According to Robert Murowchick, director of the International Center for East Asian Archaeology and Cultural History at Boston University, the study of archaeology in China has developed dramatically in recent years. "It is ironic," Murowchick wrote the committee, "that this new 'golden age' of scientific archaeology in China comes at a time when [its] cultural heritage...increasingly falls victim to the...highly destructive looting of sites that feeds the...insatiable international market for antiquities." In recent years, Murowchick has seen many Chinese sites that were destroyed by looters, and has noted increasing quantities of undocumented antiquities in the art galleries of Hong Kong, New York, and other cities.
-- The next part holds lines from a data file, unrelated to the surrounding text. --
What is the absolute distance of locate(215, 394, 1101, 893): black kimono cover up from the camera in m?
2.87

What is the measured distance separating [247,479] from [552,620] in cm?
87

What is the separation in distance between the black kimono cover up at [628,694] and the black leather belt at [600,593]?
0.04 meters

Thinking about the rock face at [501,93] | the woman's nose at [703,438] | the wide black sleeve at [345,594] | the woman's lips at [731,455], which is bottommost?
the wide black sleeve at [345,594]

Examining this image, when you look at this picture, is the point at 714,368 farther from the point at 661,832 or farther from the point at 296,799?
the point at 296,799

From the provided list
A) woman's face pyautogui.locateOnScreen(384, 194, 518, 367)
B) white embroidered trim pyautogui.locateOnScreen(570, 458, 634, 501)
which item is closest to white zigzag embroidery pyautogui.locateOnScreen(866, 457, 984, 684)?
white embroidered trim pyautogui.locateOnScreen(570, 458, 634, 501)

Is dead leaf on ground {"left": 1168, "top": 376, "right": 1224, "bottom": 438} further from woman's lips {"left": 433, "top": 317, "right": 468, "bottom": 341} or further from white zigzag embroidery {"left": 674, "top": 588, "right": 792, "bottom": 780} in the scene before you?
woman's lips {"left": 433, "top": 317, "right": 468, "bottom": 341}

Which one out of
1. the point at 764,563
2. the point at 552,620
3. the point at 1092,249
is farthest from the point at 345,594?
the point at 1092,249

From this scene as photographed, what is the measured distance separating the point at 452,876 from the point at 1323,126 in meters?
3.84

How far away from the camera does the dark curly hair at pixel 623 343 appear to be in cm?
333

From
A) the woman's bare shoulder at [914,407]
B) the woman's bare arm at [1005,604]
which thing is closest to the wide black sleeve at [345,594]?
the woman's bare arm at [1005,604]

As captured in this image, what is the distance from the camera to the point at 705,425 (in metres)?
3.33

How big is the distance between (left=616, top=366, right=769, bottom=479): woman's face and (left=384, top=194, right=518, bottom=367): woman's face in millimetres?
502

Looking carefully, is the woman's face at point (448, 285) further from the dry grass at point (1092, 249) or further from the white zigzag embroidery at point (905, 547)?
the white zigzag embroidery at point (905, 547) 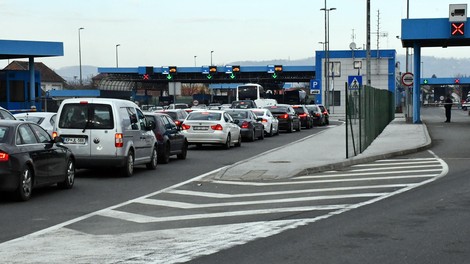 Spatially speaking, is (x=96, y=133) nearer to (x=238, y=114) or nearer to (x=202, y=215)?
(x=202, y=215)

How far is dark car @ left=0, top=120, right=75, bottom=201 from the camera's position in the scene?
12203mm

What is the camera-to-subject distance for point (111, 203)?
12727mm

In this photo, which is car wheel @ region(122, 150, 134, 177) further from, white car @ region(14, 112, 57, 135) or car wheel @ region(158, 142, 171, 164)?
white car @ region(14, 112, 57, 135)

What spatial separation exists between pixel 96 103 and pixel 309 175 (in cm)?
534

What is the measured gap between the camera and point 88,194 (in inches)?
554

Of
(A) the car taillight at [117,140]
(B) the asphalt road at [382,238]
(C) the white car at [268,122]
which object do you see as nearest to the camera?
(B) the asphalt road at [382,238]

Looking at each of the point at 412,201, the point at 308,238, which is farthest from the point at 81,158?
the point at 308,238

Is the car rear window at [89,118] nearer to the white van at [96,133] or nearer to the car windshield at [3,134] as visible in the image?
the white van at [96,133]

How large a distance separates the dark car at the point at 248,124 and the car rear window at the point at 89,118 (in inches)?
574

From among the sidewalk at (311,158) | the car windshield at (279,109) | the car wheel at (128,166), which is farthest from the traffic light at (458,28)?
the car wheel at (128,166)

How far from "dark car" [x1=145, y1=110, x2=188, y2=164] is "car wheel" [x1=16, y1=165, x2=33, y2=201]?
319 inches

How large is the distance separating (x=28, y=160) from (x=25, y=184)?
0.42 meters

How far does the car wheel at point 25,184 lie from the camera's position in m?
12.5

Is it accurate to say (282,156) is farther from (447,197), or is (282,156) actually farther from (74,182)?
(447,197) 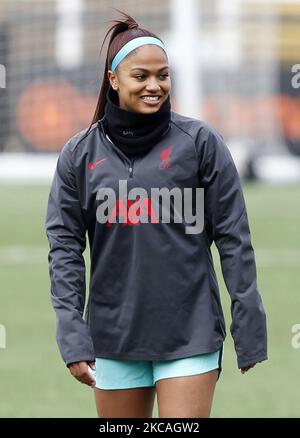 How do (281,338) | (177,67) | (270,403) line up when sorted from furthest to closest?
(177,67)
(281,338)
(270,403)

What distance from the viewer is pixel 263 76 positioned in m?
29.9

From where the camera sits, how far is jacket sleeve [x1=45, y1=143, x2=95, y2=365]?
180 inches

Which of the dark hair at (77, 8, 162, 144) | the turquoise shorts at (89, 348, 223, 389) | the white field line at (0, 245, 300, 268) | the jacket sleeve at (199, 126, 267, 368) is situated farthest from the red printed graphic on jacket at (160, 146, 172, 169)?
the white field line at (0, 245, 300, 268)

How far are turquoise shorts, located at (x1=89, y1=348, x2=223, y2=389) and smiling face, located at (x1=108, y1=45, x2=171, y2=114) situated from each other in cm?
93

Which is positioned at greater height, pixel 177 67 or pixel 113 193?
pixel 113 193

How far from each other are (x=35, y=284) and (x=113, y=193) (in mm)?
9113

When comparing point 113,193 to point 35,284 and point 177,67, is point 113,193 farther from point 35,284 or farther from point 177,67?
point 177,67

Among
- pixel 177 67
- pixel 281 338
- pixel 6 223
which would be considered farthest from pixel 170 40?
pixel 281 338

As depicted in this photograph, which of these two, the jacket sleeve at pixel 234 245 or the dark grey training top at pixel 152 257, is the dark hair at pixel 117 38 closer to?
the dark grey training top at pixel 152 257

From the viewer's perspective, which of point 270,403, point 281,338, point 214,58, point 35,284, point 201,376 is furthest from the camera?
point 214,58

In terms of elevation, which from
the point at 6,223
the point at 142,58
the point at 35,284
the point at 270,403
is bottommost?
the point at 6,223

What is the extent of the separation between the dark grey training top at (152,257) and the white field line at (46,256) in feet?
33.9

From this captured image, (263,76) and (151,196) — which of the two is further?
(263,76)

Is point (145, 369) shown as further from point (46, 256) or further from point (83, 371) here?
point (46, 256) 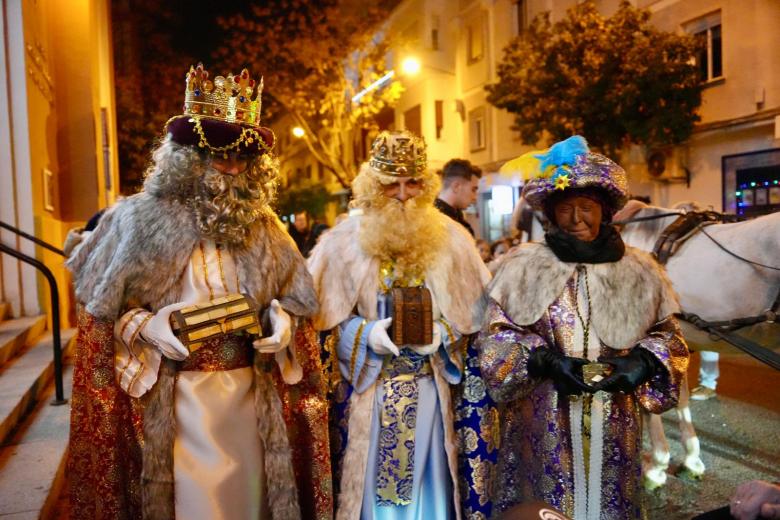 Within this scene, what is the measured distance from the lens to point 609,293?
2842mm

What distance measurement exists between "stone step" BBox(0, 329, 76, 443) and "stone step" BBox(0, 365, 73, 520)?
0.33ft

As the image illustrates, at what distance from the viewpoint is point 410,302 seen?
121 inches

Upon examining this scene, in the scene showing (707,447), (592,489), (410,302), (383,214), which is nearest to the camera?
(592,489)

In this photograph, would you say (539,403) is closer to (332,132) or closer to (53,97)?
(53,97)

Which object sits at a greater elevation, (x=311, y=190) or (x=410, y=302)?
(x=311, y=190)

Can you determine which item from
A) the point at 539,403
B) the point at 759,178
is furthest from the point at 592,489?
the point at 759,178

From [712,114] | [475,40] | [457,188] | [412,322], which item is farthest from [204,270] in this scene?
[475,40]

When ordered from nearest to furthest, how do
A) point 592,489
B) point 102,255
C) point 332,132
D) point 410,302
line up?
point 102,255
point 592,489
point 410,302
point 332,132

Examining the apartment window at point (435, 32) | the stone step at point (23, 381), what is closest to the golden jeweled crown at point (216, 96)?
the stone step at point (23, 381)

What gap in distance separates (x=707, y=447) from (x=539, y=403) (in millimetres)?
3303

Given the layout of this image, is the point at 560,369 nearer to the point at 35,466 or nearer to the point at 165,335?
the point at 165,335

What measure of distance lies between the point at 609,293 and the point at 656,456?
2.22m

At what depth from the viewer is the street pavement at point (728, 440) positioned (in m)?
4.29

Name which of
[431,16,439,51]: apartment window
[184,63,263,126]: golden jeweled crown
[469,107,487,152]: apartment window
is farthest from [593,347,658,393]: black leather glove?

He Shuzhong, 2004 winner of the AIA's Outstanding Public Service Award and director of the Beijing Cultural Heritage Protection Research Centre, has long been involved in documenting the extent of looting in China, such as the "excavation" of tombs with bulldozers and dynamite, and the theft of bronzes, gold ornaments, jades, and inscriptions. Invariably, the plunderers leave behind a sorry trail of unsaleable broken and scattered pottery and human remains.
China recently strengthened its Law on the Protection of Cultural Relics (2002), vesting ownership of all cultural relics in the state and prohibiting the sale and permanent export of newly excavated archaeological objects. At the same time the law encourages temporary export of cultural objects for museum exhibitions, allowing the public in the United States to view and enjoy them. This undercuts the argument made by dealers and collectors that people won't be able to see these objects if there are import restrictions.
China is making efforts to enforce the law, recently intercepting, for example, a shipment of more than 2,200 antiquities headed for the U.S. But the problem of looting is just too vast, and China needs help. U.S. import restrictions would go a long way toward cutting off one of the biggest markets for stolen Chinese antiquities. The AIA strongly supports China's request.
Jane C. Waldbaum is the president of the Archaeological Institute of America.